There's a skookum choochin invertar laying on the shelf at work, bigger maybe than the unit he tore a part but only 300 watts. Was wired up with 4ga fine strand, Anderson connectors and proper fusing. defiantly I would chuck it north to see it tore apart for tits and pickles. cant recall the name but white body blue print all METAL and cert output sign off when packed.
You got that right...back in 1980, I worked for a made-in-USA company that had to build some equipment to operate in Saudi Arabia, which at that time used 50 hertz, the equipment had induction motors among some 'newfangled' microprocessors (4004) running from an antique transformer type power supply... We shared Mfg. shop with a high end audio amplifier company....so we used a signal generator and a 5KW amplifier to run the equipment...worked out fine.... More recently, in 2010....my last employer had a very expensive high end Motorhome with a 2.5KW inverter...about 3 times the size of this, was also a battery charger running from 120 VAC 'shore power' to charge 2 BIG AGM batteries at 12 volts, 150 amps...it had a 2.5KVA power transformer with 120 output for the motorhome 120 VAC receptacles... The big transformer was used for both inverter and battery charging.....several very large heat sinks and banks of Mos-Fets...I don't recall the name of Manufacturer, but it was very expensive, something like $5,000....
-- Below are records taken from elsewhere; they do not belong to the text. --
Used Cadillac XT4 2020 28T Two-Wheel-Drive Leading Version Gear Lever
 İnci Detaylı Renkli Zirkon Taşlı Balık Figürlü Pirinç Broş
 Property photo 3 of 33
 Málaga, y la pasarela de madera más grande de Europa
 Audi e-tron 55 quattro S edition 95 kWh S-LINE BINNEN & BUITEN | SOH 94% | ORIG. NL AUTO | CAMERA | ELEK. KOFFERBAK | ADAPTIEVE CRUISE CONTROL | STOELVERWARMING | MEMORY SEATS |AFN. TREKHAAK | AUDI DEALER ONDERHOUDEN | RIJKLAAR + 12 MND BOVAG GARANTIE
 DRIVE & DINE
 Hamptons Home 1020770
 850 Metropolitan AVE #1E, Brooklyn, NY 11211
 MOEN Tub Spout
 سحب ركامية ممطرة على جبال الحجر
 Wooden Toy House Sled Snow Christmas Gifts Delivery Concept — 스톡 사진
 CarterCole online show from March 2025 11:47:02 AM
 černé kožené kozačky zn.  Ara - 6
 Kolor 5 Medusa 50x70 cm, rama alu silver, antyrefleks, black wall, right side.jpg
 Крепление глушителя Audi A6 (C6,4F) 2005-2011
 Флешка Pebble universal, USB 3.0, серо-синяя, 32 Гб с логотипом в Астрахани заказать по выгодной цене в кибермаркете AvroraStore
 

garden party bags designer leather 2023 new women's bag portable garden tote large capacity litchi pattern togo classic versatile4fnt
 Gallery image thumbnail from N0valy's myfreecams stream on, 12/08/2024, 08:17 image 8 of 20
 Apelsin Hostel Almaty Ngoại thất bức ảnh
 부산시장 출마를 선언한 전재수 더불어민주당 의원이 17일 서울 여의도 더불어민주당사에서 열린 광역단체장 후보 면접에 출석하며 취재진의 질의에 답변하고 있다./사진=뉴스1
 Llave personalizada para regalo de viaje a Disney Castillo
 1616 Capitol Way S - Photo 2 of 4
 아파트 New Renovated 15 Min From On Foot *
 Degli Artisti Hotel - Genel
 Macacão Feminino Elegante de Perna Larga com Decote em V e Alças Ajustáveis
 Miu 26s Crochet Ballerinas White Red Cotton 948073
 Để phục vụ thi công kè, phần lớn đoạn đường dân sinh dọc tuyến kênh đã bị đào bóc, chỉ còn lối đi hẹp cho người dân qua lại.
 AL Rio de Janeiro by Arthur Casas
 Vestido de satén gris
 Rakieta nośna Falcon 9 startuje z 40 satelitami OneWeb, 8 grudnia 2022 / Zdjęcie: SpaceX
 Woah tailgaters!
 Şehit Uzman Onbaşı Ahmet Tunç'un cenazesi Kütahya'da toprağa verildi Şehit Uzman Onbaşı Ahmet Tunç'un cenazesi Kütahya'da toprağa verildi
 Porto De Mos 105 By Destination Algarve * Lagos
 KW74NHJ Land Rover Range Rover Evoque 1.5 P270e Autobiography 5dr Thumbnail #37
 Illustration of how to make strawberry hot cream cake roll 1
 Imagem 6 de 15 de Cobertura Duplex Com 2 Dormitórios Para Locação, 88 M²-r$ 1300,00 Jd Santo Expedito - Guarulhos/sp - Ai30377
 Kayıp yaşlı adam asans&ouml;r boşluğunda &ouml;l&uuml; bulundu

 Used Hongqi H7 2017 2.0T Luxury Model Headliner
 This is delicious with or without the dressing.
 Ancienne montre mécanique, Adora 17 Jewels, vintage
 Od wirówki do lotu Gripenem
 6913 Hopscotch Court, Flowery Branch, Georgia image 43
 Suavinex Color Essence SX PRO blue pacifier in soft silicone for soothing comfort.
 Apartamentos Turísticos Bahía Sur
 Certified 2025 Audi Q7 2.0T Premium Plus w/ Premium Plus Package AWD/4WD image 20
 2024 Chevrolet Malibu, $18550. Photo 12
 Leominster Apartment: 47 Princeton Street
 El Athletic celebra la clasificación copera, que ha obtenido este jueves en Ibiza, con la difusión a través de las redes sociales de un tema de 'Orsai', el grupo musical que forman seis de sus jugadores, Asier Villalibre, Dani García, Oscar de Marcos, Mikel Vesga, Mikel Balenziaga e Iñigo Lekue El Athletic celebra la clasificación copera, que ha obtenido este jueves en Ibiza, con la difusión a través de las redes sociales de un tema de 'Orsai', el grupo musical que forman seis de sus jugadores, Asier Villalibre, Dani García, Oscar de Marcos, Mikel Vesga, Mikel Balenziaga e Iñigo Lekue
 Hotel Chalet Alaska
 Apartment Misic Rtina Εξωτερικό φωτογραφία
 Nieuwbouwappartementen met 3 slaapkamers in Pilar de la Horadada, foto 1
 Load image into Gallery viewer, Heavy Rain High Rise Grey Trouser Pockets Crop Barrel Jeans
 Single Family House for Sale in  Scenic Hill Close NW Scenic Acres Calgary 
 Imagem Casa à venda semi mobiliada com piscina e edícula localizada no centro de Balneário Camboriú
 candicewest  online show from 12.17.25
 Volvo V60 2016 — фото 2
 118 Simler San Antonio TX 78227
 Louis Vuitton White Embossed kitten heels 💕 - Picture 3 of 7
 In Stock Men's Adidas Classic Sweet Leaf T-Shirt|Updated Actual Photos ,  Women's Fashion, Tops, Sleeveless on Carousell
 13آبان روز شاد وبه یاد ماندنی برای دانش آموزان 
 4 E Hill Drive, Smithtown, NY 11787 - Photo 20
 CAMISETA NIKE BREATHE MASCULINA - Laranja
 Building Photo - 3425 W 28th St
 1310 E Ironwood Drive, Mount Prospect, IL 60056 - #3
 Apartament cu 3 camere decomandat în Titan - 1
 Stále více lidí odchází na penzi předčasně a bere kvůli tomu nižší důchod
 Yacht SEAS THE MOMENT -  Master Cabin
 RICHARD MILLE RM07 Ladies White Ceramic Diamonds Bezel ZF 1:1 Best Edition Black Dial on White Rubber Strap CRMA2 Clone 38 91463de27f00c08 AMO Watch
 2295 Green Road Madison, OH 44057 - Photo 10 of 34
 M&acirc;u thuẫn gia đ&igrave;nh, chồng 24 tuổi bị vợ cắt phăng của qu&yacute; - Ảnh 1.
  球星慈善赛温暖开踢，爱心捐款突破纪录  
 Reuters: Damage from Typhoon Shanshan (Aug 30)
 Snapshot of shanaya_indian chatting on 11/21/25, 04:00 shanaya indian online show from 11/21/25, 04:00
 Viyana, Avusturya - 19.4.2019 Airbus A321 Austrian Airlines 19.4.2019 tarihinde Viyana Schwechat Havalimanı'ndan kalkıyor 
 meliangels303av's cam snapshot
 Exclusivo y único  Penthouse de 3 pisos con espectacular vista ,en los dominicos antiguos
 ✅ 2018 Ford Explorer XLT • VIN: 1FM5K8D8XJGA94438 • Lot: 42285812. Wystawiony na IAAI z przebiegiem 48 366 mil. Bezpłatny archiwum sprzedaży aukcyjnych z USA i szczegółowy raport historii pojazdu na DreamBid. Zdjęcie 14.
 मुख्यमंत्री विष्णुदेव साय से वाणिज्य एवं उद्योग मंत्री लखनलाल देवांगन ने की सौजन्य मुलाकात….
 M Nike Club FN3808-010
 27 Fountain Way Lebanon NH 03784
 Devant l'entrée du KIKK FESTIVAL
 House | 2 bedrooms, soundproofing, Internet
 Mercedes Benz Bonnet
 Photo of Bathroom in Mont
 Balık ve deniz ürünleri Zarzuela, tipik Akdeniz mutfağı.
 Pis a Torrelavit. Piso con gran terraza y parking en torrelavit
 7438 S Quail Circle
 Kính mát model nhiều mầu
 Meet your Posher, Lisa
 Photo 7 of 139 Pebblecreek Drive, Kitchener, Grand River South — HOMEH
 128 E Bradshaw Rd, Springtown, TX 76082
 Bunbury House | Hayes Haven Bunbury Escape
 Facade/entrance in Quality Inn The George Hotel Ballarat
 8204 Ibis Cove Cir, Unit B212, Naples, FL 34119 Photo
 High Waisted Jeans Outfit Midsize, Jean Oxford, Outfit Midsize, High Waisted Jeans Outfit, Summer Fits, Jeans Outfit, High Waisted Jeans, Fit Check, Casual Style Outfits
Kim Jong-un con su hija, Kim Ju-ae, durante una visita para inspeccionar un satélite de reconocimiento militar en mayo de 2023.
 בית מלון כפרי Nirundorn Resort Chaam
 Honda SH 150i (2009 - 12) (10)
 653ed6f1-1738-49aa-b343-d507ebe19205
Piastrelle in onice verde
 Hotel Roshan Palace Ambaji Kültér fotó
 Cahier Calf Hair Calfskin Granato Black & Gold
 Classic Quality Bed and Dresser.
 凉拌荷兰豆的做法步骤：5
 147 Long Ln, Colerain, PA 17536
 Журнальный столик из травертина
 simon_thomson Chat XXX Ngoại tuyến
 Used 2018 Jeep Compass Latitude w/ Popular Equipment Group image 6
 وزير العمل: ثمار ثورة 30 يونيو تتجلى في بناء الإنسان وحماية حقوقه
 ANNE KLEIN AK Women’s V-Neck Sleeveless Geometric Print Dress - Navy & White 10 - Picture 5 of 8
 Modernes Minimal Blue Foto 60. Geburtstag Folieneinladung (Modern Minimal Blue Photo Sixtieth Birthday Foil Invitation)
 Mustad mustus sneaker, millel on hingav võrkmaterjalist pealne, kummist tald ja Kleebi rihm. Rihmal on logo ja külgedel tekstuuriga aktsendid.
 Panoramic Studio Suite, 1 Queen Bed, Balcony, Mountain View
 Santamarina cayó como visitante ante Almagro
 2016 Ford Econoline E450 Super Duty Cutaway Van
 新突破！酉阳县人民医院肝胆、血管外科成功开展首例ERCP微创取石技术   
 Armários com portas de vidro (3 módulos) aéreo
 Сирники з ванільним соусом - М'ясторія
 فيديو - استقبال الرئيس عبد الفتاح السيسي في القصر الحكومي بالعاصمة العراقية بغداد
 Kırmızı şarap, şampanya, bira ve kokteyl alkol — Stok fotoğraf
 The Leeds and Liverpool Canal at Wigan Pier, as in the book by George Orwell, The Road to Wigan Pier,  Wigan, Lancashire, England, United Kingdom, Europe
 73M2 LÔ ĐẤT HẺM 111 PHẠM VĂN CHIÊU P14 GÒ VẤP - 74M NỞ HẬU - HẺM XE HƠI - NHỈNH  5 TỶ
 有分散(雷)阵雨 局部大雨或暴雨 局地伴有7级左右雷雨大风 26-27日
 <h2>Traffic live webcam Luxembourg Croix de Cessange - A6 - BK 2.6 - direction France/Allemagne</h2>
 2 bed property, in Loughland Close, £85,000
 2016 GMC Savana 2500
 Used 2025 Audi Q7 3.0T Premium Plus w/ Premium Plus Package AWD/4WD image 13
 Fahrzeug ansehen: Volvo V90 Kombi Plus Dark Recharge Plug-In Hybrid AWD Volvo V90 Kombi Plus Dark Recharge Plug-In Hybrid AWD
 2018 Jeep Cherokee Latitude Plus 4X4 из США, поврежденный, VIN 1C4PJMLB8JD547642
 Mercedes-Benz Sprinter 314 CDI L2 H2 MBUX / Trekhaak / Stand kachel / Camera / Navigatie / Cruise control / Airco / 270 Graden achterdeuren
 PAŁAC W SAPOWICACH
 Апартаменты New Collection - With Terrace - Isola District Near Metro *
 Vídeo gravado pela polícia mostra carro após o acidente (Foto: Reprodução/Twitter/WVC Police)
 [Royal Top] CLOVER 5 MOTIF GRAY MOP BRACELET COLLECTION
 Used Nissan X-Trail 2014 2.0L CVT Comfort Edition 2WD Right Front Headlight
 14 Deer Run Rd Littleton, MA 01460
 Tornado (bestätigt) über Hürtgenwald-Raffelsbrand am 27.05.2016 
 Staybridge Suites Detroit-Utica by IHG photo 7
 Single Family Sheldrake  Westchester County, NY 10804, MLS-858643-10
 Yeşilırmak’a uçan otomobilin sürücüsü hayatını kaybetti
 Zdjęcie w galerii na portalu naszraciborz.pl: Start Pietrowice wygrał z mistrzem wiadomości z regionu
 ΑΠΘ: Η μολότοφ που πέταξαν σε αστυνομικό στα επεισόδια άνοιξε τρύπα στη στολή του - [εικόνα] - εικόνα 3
I've got an old Elgar UPS that uses a 16-level sine wave approximation. By the time the pixies come out of the massive transformer in the center of the beast, they behave like a real sine wave. It's rated at 1.4KVA and lifting it will pop those hernia stitches.
Do you have a recommended inverter that is robust, but wont break the bank and has a clean output? Im wanting to install one that could handle a small pancake compressor in the truck, or handle a skill saw and such connected to it.
I typically turn motion stabilization off on the camera when using it on a tripod.. But that won't fix the problem of the new space being uncomfortably clean!